どこからか聞こえてくる風鈴の音が、懐かしさに浸らせてくれる。自然と、笑みがこぼれた。
「まだまだ暑いね」
「そうですね。お盆が終わったら、少しはマシになるんでしょうか」
二人で歩く道には、容赦なく太陽が照りつけている。
「……あのさ、一つお願いがあるんだけど」
「何ですか?」
ハンカチで汗を拭いながら尋ねる。
「無茶な頼みだとは思うんだけど」
「え?」
「今日だけでもいいから……忘れてくれないかな」
「何、を……」
「僕の、目のこと」
「……」
気付いたら、どちらからともなく歩みを止めていた。
「最近、気にしてるよね」
「それは……」
握りしめたハンカチに視線を落とす。汗のシミが、やけに濃く見える。
「……言わない方がよかった、かな」
「そんなことっ!」
「前より」
彼の声が、硬い。
「笑うこと、減ってる」
彼の言葉に、瞬きすらできない。
「……君には笑っていてほしい。できれば、僕の隣で」
ゆっくりと、顔を上げる。
「だからさ……どうか、今日だけでも」
彼と、目が合う。
「……じゃあ」
頬に、耐えられないほどの太陽の熱を感じる。
「どうすればっ、いいんですか……」
泣き叫ぶような声が、耳の中でキンキンと響く。
グイッ。
彼が、私の腕を引いて歩き出す。
「え!?」
無言で、細い路地の方へと向かう。
「ちょっ……」
唇を、重ねられる。
「……んっ」
深く、甘く。
何も考えられないくらい、激しく。
「……これでどう?」
彼が囁く。
「……っ! こんな所でっ!」
真夏の暑さも感知できないくらい、顔中が熱で覆われる。
「僕だって恥ずかしいよ」
「なっ!」
「だから。

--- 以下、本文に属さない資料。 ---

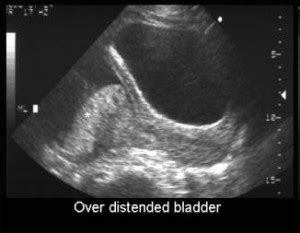 Distended Bladder Treatment, Symptoms, Causes, Diagnosis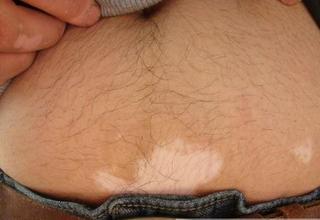 ÈçºÎÖÎÁƶùͯ°×ñ°·çƤ·ô²¡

お詫びなら後でいくらでもするから、とりあえず行こう」
そう言って、彼がしっかりと私の手に指を絡める。
「……カフェで一番高いパフェ、奢ってください」
「いいよ」
「ケーキもいいですよね?」
「勿論」
彼が大きく頷く。
やり方は強引だったけれど。
本当に忘れられるわけじゃないけれど。
彼の気持ちは、精一杯受け取りたいから。
「なら、早く行きましょう」
とびっきりの笑顔で、力強く歩き始めた。